皆さん、と呟いた司令官の瞳に大粒の涙が浮かぶ。
井之頭真衣は拳を握り、瞳を固く閉じ、なんとか涙を奥へ閉じ込めた。
「出撃は来週の月曜日です。短いですが最後の休暇を取ってください」
できるだけ平静を装い告げる。
「ばか言っちゃいけませんよ。俺たちゃ家族もいない孤児部隊ですぜ。

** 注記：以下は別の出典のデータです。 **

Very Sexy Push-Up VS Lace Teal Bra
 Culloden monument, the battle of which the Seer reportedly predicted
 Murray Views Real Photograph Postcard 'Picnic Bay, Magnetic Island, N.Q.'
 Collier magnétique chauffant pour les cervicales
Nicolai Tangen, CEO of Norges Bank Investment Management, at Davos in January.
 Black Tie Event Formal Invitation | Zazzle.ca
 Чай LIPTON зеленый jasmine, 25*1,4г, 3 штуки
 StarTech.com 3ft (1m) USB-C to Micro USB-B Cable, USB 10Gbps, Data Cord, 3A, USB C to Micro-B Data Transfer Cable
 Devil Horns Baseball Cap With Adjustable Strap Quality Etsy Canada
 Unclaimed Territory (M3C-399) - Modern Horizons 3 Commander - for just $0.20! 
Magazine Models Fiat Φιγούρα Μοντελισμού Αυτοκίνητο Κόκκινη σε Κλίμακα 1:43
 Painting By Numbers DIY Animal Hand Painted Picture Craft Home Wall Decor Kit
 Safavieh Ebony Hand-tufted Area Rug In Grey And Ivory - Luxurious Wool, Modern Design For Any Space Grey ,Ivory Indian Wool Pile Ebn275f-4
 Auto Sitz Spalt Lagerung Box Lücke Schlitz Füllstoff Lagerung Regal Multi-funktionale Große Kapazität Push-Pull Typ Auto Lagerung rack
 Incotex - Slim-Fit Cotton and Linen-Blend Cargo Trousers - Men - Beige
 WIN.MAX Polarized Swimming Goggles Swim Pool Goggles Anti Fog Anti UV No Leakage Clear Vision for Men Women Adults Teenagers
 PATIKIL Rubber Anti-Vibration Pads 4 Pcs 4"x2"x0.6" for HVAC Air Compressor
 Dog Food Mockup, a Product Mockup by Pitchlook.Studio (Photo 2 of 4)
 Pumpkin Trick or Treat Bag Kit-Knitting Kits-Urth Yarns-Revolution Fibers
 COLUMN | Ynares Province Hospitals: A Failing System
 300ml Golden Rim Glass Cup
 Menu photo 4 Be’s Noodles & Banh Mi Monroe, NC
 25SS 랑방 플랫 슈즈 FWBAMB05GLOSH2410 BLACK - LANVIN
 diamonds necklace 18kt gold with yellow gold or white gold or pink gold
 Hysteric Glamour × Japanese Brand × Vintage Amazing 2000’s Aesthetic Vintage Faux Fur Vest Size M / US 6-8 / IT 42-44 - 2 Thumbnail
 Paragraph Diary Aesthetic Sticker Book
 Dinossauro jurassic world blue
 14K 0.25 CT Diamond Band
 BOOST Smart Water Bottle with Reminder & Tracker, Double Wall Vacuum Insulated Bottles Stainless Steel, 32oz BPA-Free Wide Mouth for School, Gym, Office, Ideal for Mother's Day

休暇をもらってもやることないですぜ」
湿っぽい雰囲気はごめんだとでも言うように坂本が答える。
「エロ本の整理も済ませちゃいましたしね!」
小笠原隊員も軽口を叩く。
「なら、どこか旅行にでも。本当にこれで最後になるんですから」
命令を出している井之頭の方が嘆願するようだった。
新任からずっと一緒だった部隊の隊員が来週には死地に旅立つということを受け入れられていないのだろう。
「上司に泣かれちゃしょうがない。じゃ、坂本部隊。最後の慰安旅行とでも行きましょうか」
「わっ!いーですねぇ!」
子どものようにはしゃぐミカ。
「この前は軽井沢でしたけど、今回はどうします?」
サッと手帳を取り出して確認を始めるシャオラ。
「よし、じゃ最後の慰安旅行は海だ!
最後なんだから、司令官も付き合ってもらいますよ!
よーし!熱海に行って魚を食おう!」
こうして、死を覚悟した四人の戦士たちとその指揮官は熱海に3泊4日の慰安旅行に出かけることになったのだ!!